The eventual re-engineering of the Tacoma Narrows Bridge led to a stronger, more resilient structure, built with a deeper understanding of its environment. Similarly, the shift from large-cap growth to small-cap value is not a disaster but an opportunity to build a more balanced portfolio.


For years, the investment world has been dominated by large, well-known companies, particularly the "Mag 7." We believe this era of market leadership stretching over 15 years has evolved into a speculative tech bubble. While this trend has been a powerful force, experienced investors know that behavior can lead to extremes on either side of the equation. According to writer and market technician, Jared Dillian, we're on the cusp of a major shift: a market rotation that could fundamentally change the investment landscape.

A traditional way to categorize stocks is based on two key characteristics: company size (large, mid, or small) and investment style (growth or value). For decades, large growth companies have been the darlings of the market. Dillian notes that this dominance has left smaller, value-oriented stocks—the "old economy" companies—significantly undervalued. He harkens back to the dot-com bubble, when value stocks were left for dead only to lead a massive bull market in the early 2000s, outperforming growth by a huge margin.

Several factors have propelled the long-term dominance of large growth companies. Dillian points to three main theories: the unique strength of U.S. technology stocks, an increase in regulation that favors larger companies better equipped to handle compliance, and higher interest rates that disproportionately hurt smaller companies with less access to favorable financing. However, he believes these tailwinds are likely to reverse, setting the stage for small value companies to have their moment in the sun.
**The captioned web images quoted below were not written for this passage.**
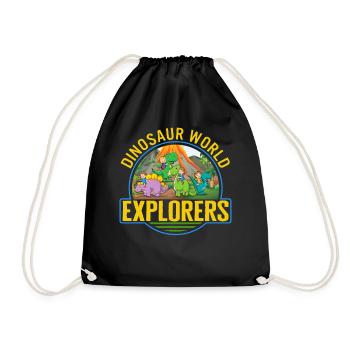 Paleontology Shirt, Dinosaur World Explorers Tee, - Drawstring Bag - black - Front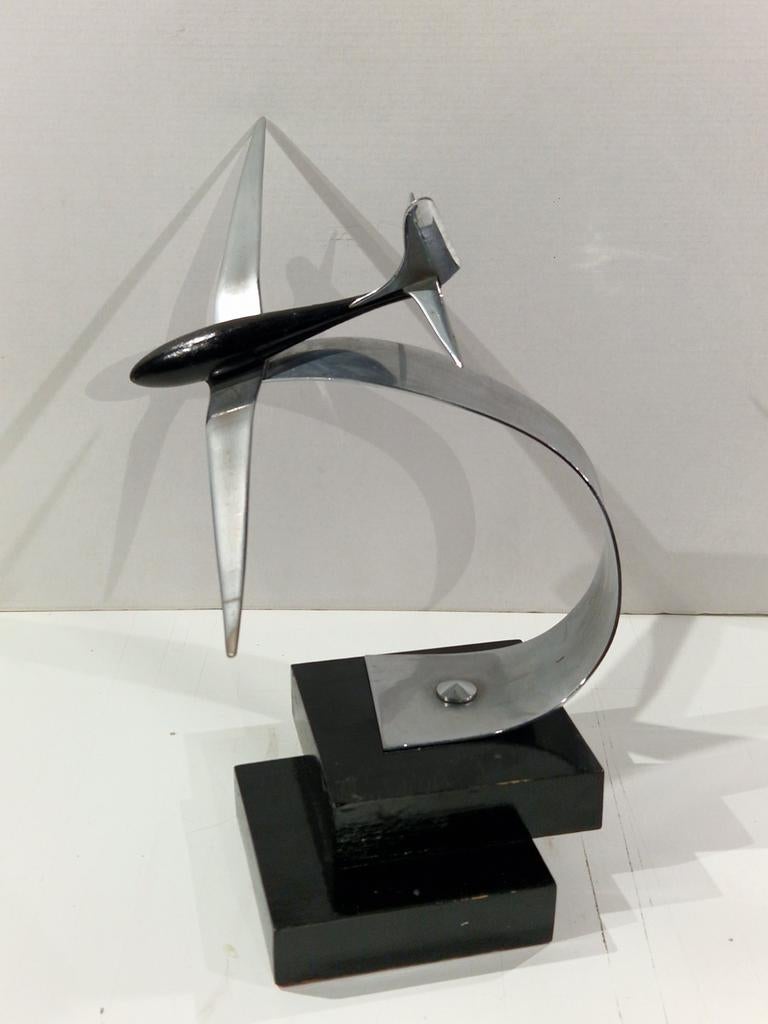 Art deco zweefvliegtuig,  chroom op houten voet vliegtuig, Enlèvement ou Envoi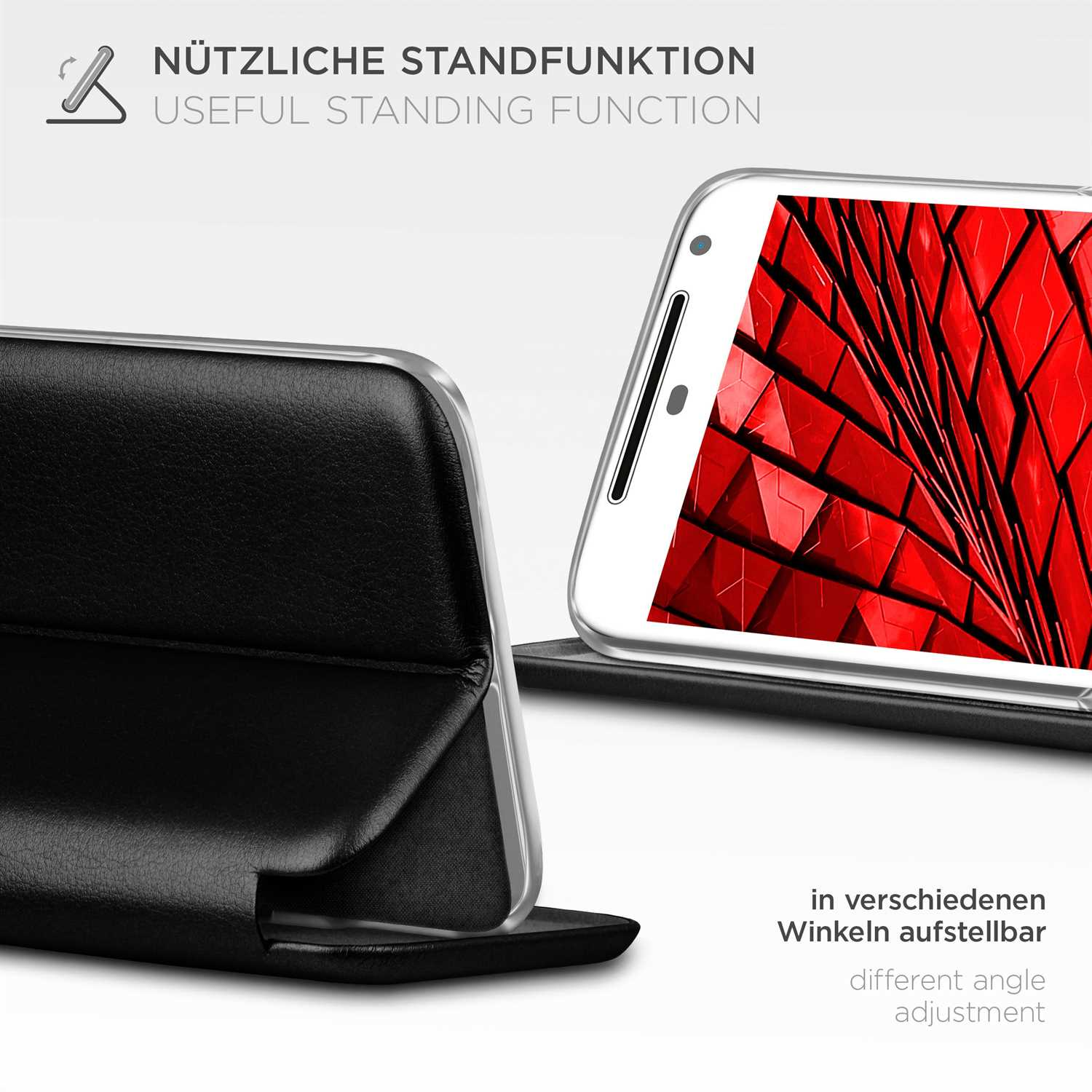 Schwarze Handyhülle mit rotem geometrischen Design auf dem Telefonbildschirm. Textetiketten sind auf Deutsch.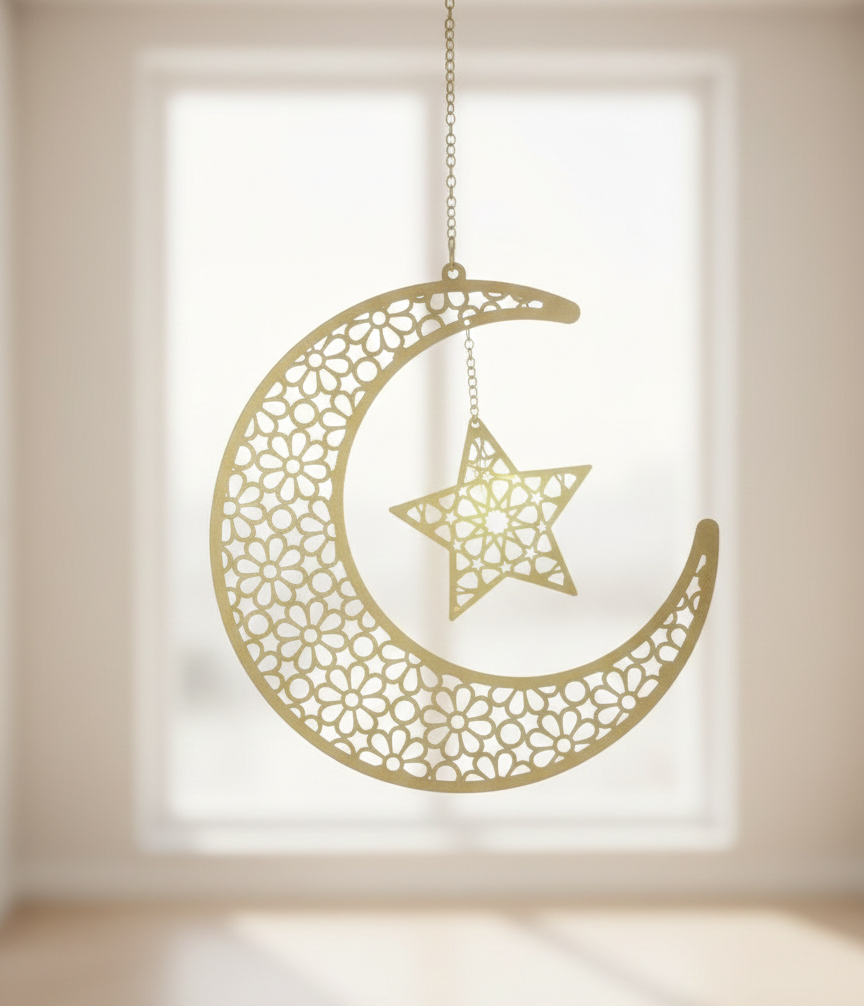 Ramadan Wooden Crescent & Star Hanging Ornament (20cm)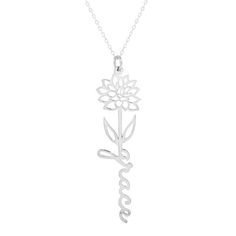 * Personalize with any name attached to birth month flower * Pendant measures approximately 2 depending on length of name * 16 Rolo chain * Made from Sterling Silver * Lobster claw clasp * Approx. weight 2.9 Grams * Imported  This unique November Birth Flower Chryasanthemum Name Necklace is perfect for any one born in November. It features a delicate Chryasanthemum motif for the perfect amount of subtle femininity. Showcase your birth month in a classy, personalized way with this special piece. November Birth Flower, Born In November, Name Necklace Silver, Lobster Claws, Birth Month Flower, Flower Names, Birth Month Flowers, Birth Flower, Personalized Birthday Gifts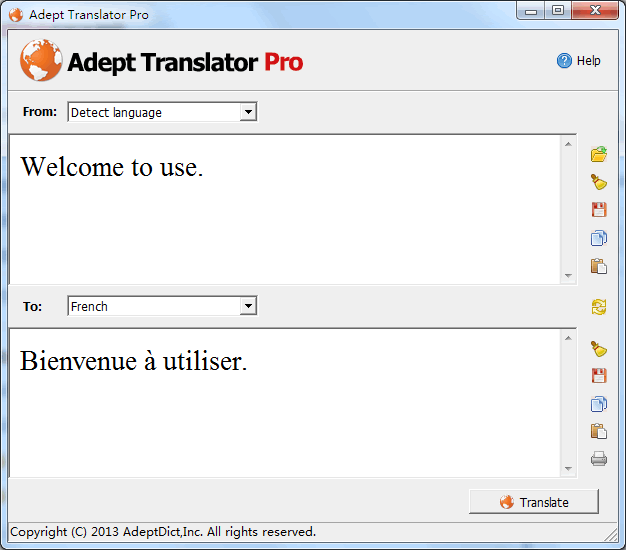 Adept Translator Pro 5.3.0 software screenshot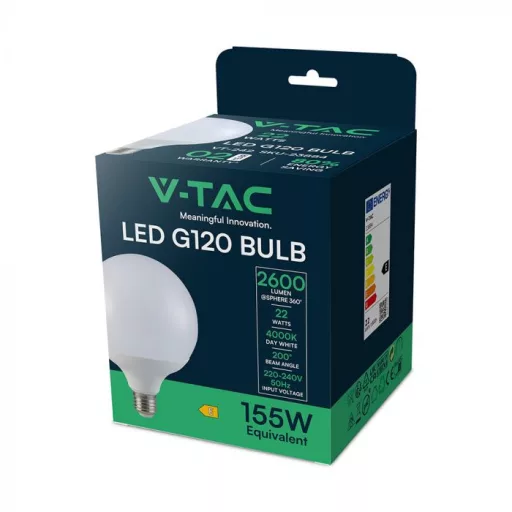 V-TAC LED izzó  E27 G120 22W 200° 4000K nagygömb - 23884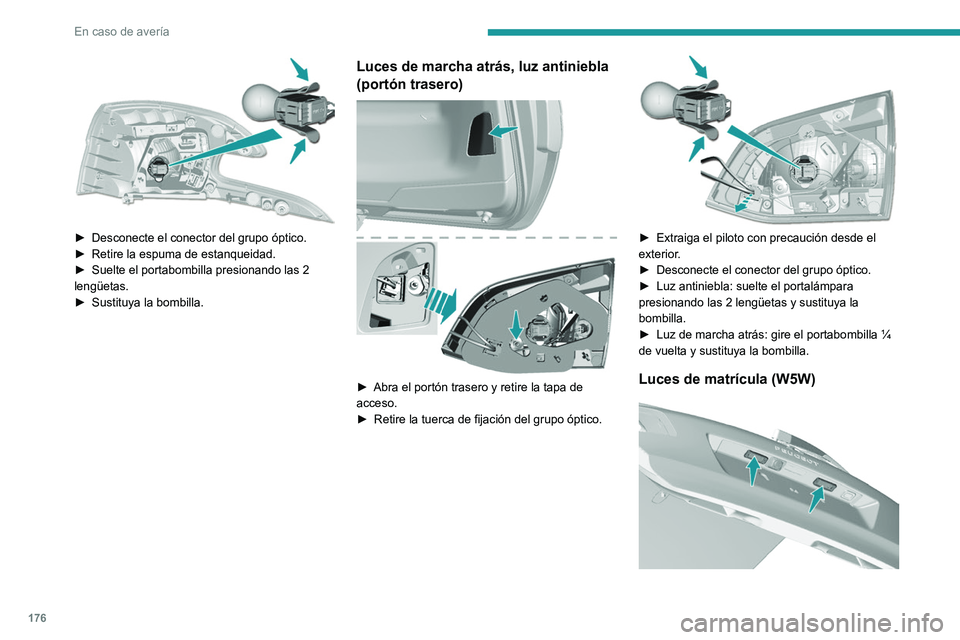 Peugeot 308 2021  Manual del propietario (in Spanish) 176
En caso de avería
 
► Desconecte el conector del grupo óptico.
►  Retire la espuma de estanqueidad.
►
 
Suelte el portabombilla
  presionando las 2 
lengüetas.
►
 
Sustituya la bombilla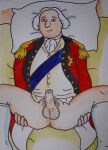 2020 2021 absurd_res anus balls bara bed british chubby colonialfox general_charles_cornwallis history looking_at_viewer penis presenting uniform yaoi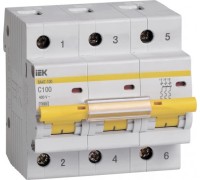 Автоматический выключатель IEK ВА47-100 3Р 100А 10кА С MVA40-3-100-C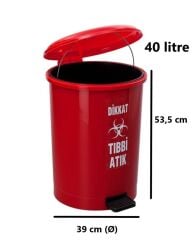 Omnipazar SY-4219 Kırmızı Tıbbi Atık Pedallı Yuvarlak Çöp Kovası İç Kovalı 40 Lt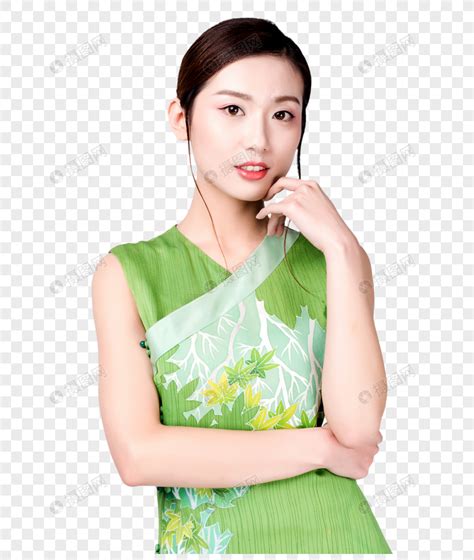 温柔绿色旗袍头像女生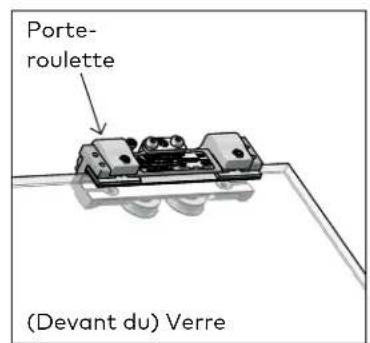 KABA PURE Sonos - 2.23A Installer les supports à roulettes : sur le verre monolithique SEULEMENT - 3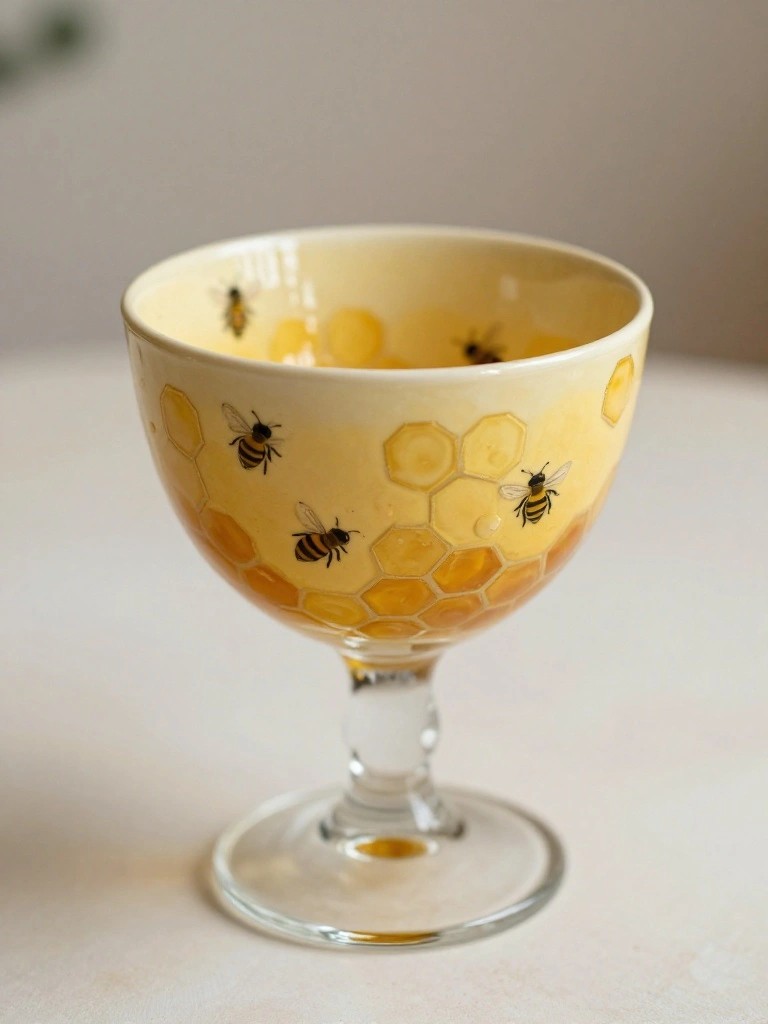 Yellow ceramic goblet with bees and honeycomb patterns on glass stem.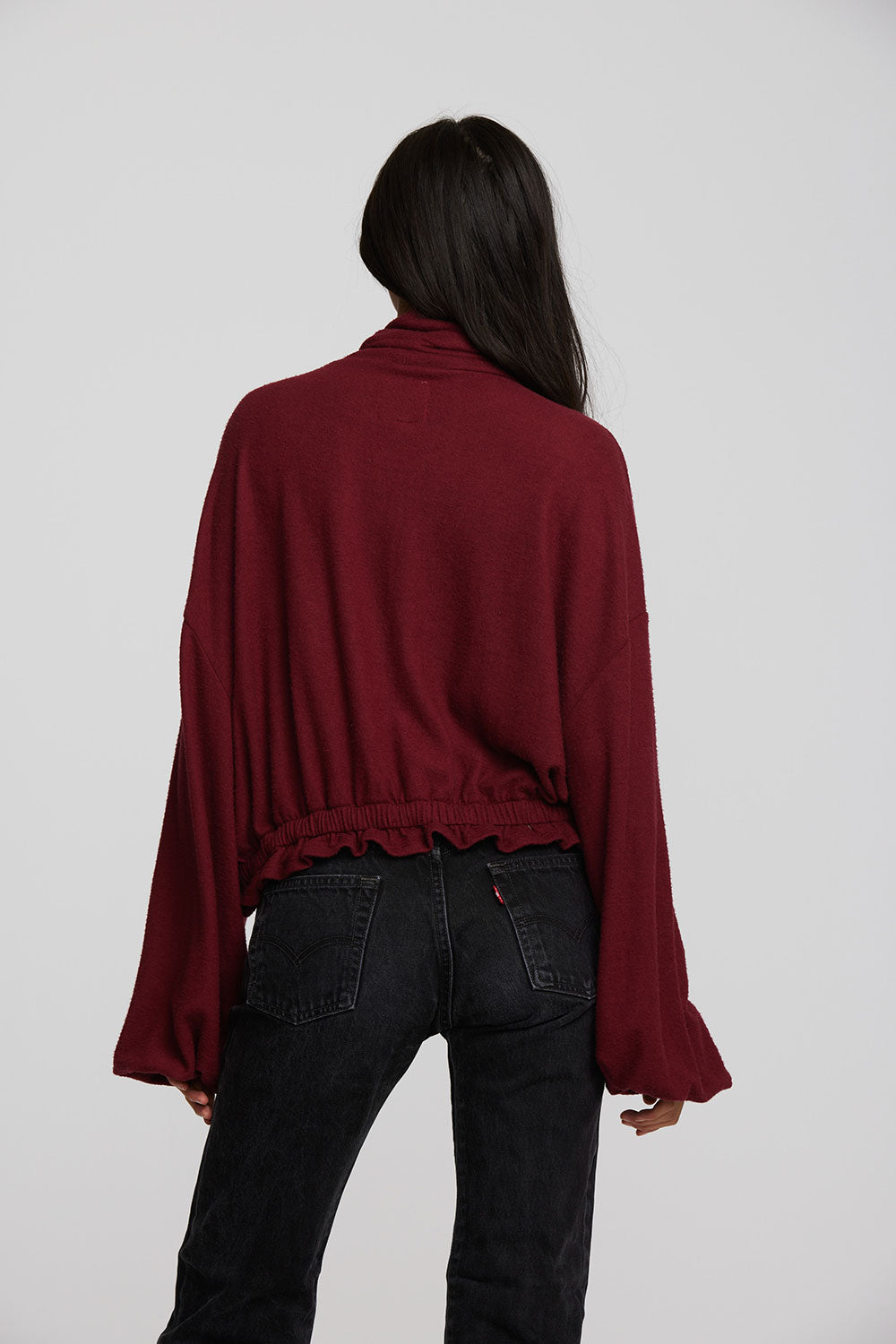 Recycled Bliss Knit Cropped Pullover with Elastic Waist & Sleeve Womens chaserbrand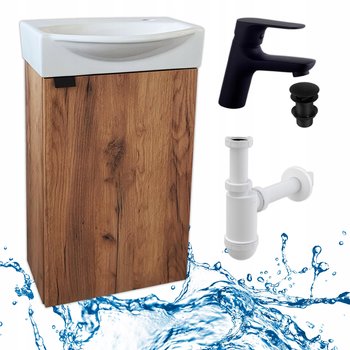 Szafka do Łazienki Złoty Dąb z Umywalką 40 x 33 Bateria Click Clack Syfon - Deftrans / Defra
For investors looking to capitalize on this rotation, the path forward requires a thoughtful approach. Dillian cautions against simply buying a broad index ETF like the Russell 2000, which can contain many under performing stocks. Instead, he advocates for a more strategic approach, emphasizing the importance of stock picking within the small and value categories to uncover hidden gems. The upside, could be interesting with returns mirroring the significant gains seen by value investors after the dot-com bust.

We’re on the cusp of a major shift:
a market rotation that could fundamentally
change the investment landscape.

The sentiment around small and value stocks is at a low point. This represents an indicator to value investors of potential opportunity. For those who have been reading our newsletters you will understand why we believe this; see our thoughts on gold and energy, which have come to fruition.

For those with a discerning eye, change is underway. The era of market-wide, passive gains is waning. At Pilot, we believe this market rotation is not a risk to be avoided but an opportunity to be seized. We're charting a course toward these undervalued and overlooked sectors, understanding that the most rewarding journeys are often those that take us off the beaten path, just as we have proven in the past. This isn't a hasty pursuit but a deliberate one. We began allocating to this strategy just over a year ago. We were a little early, but we have significant conviction in the risk/reward opportunity with smaller stocks.